CU Boulder Projects

NOAA Sr. design

Project that lead into a 6 month internship. Design build of electro-mechanical system deployed on a research vessel.

DFM/DFa project

Reverse engineering and full DFM/DFA based re-design of locking doorknob. 80% reduction in part count.

md5 cold weather nods mount

Project through DOD education accelerator. At directive of Colorado 10th Mountain Division.

NOAA - CU Boulder Senior Design Project

The NOAA PAALS (Precision Attitude Adjuster for Lidar Stabilization) is a year-long capstone engineering project through the University of Colorado's Senior Design program. I am worked with a team of 5 other undergraduate mechanical engineering students to develop an active stabilization platform for NOAA ESRL (Earth Science Research Laboratory) and their 150 lb lidar unit. NOAA is using their lidar unit to track the velocity of aerosols in the troposphere. This information helps them study phenomenon ranging from wildfires to typhoons. They plan to use this unit both on the deck of a research vessel and in the back of a pickup truck, but to operate correctly the unit needs to point vertically.

The project requirements specify that we have to stabilize their unit within 0.1 degrees RMS of vertical for the duration of the ocean voyage, as well as protect the unit from any potential damage.

My role on the team is CAD/ Manufacturing Engineer, and my job is to oversee everything relating to the mechanical design and the manufacturing and assembly of our design. The project began in September, and by December, I had organized the design of a 66 page engineering drawing packet for a manufacture ready design. The CAD model (Solidworks) contained 180+ components.

During the design process, my team and I took client and adviser specifications and used those to guide our engineering. I gained experience with Solidworks FEA, including static and frequency analysis.

During the construction process I oversaw the machine shop work and coordinated outsourced work with the finance manager. My spring semester involved roughly 60 hours in the machine shop making parts on the lathe or mill and overseeing welding.

Another role of mine in this project is the design and construction of a waterproof electronics housing. We have spec'd out an air-conditioned enclosure and I have been responsible for the layout of its components. This has involved designing wire pathways, breaker setups, and the selection of more than two dozen water-proof amphenol connectors.

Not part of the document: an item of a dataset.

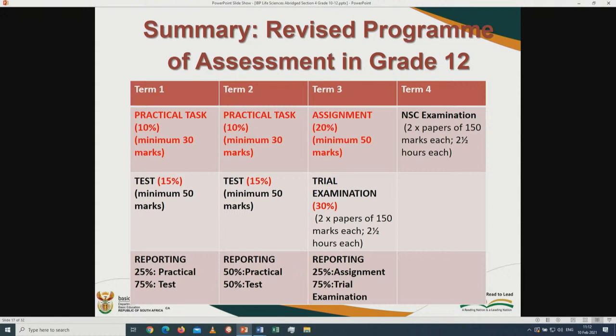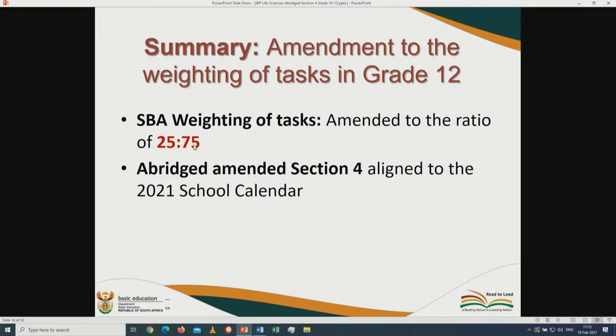For Grade 12, the assignment is in term three, recorded in term three, contributing 20% of the year mark. The trial examination in September covers the whole Grade 12 curriculum — two papers of 150 marks each, two and a half hours each — but its contribution to the year SBA has been reduced in the amended CAPS from 50% to 30%. The final year mark split remains 25% SBA and 75% final examination, as in the past.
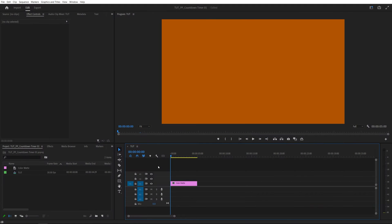In this tutorial I'll show you how to create a countdown timer in Premiere Pro. Let's get to it. Here we are in Premiere. I've already added a sequence and added a simple color matte as the background.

Our electronics enclosure contains 2 motor drivers, three low wattage power supplies, an air conditioning unit, a fanless computer (which reads several signals from outside the enclosure), and 8 circuit breakers. To the right is my design for the connection of the wired components.

At the time of delivery, we had a stabilization platform operating close to specifications. Remaining work for me while working at NOAA during the summer was improving performance and preparing the platform for deployment in November.

Documentation

Electronics

CAD, Manufacturing and EXPO

DFM

DFM/ DFA Course

This course covered a huge amount of material in a single semester. We went over virtually every manufacturing process in current use spanning from investment casting to blow molding to wire EDM. My professor also covered the decision process for choosing a specific manufacturing technique and covered the design techniques used to optimize the process. Next, we went over the standard assembly procedures for complex assemblies and how to plan for just in time and lean manufacturing.

We then broke into small groups and reverse engineered off the shelf assemblies. We then implemented changes to improve the designs for efficient assembly and then made further design changes to improve manufacturing efficiency and reduce cost.

My team and I reverse engineered a doorknob and made some small design changes to improve error proofing and reduce number of unique parts. Next, our final project was to make an entirely injection and blow molded doorknob. In doing so we were able to reduce part count by nearly 80%. Even though nobody would want a plastic doorknob, it was a fun exercise in an extreme example of DFA and it got my feet wet in injection molding DFM.

MD5 Project

GearHeads NVG Mount, MD5

This has been my first project working with soft goods. My team is working under a collaboration between my university and the MD5 National Security Technology Accelerator. We are working with GearHeads Survival Hats, a Boulder based tactical hat maker. The goal is to produce a hat capable of functioning normally during the day, that can mount a standard night vision goggle after dark.

I am a part of a team of 5 engineering undergraduate students working to produce a functional, mid-resolution prototype in a single semester.

The primary goals of the project are to maintain comfort, functionality and style of the hat while providing a stable and relatively comfortable mount for the NODs. This mount that we are designing is specifically targeted towards use in cold weather environments, such as the arctic. We have iterated fast and had our prototypes tested by local veterans and active duty service members. Feedback has been extremely helpful and generally positive.

We have worked hard to iterate quickly on this project. With turn-around times of less than a week between our mid-resolution prototypes. This has taken the form of weekly or bi-weekly meetings with our user group, gathering feedback and implementing changes as we see fit.

Aside from working on my sewing skills, this project has allowed me to work with new types of 3D printers than I had encountered before. Given our unique geometry (to conform to the human head) and high strength requirements, I have had to look outside of traditional FDM printers. This has lead me to use high resolution SLS printers as well as production quality FDM printers. Our current prototypes are being produced using Mark Forged Onyx printers, which used blended nylon and carbon fiber.